Dataset entries
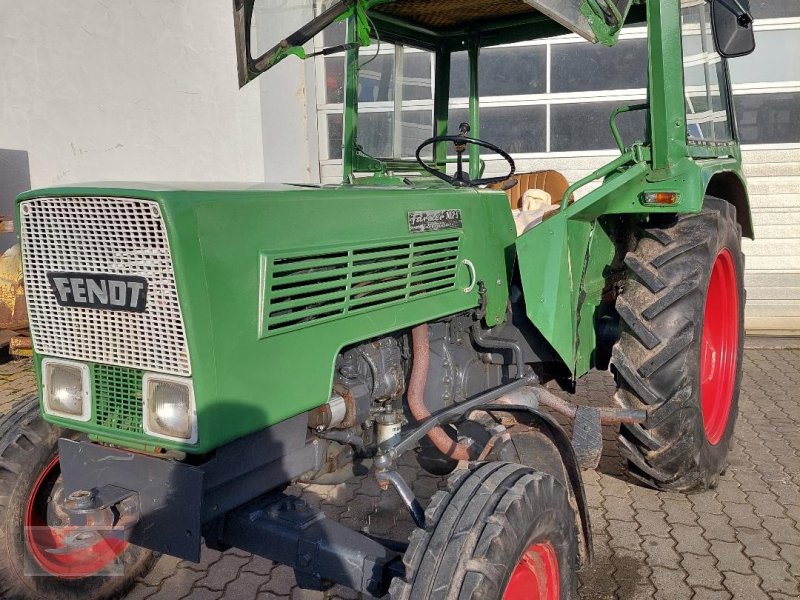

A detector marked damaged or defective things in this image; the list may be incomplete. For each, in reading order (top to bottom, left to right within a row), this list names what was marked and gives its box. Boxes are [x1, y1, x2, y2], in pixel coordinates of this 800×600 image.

rusty metal part [0, 243, 27, 332]
rusty metal part [410, 324, 472, 460]
rusty metal part [536, 384, 648, 426]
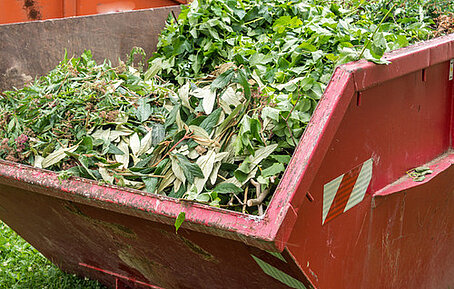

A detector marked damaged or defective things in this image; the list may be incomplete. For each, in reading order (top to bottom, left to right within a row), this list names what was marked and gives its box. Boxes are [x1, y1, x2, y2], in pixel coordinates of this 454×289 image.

rusted metal edge [344, 33, 454, 92]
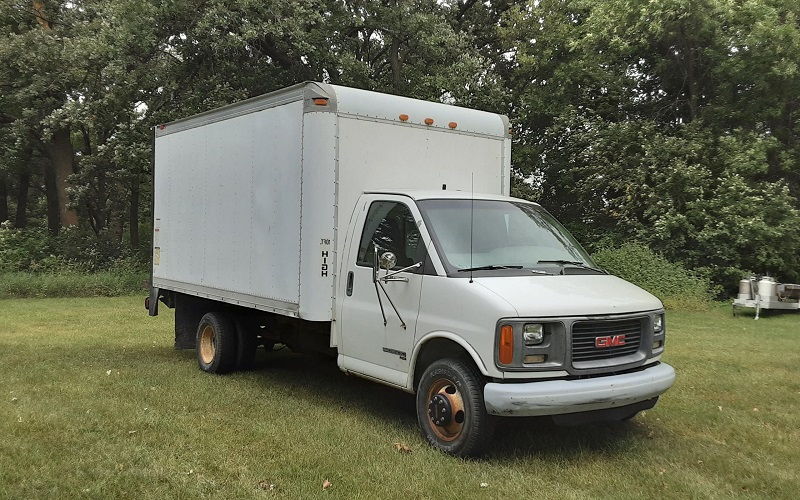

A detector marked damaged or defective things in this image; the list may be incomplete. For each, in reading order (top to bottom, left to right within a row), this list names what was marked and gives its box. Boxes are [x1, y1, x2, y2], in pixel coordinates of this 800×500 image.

rusty wheel [195, 310, 238, 374]
rusty wheel [416, 356, 496, 458]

▸ **WHAT THE TASK ASKS**
Verbatim output of every entry above is required, though pictures are to be left out.

▸ **WRITTEN REPLY**
A detector marked damaged or defective things in this image; the list may be incomplete. For each, in reading order (top to bottom, left to right within a row), this list names what was marked and gives its box. Boxes are [x1, y1, x2, y2], in pixel coordinates of this 800×600 image.

rusty metal part [0, 243, 27, 332]
rusty metal part [410, 324, 472, 460]
rusty metal part [536, 384, 648, 426]

A detector marked damaged or defective things in this image; the list may be incomplete. For each, in reading order (top to bottom, left to right within a row), this list names what was marked and gives its box. Boxes are [x1, y1, x2, y2], in pixel coordinates of this 454×289 image.

rusted metal edge [344, 33, 454, 92]

A detector marked damaged or defective things in this image; the list may be incomplete. For each, in reading order (top to bottom, left to right within a row), this list names what was marked and gives its box. Boxes are [x1, y1, x2, y2], in pixel coordinates of this 800×500 image.

rusty wheel [195, 310, 238, 374]
rusty wheel [416, 356, 496, 458]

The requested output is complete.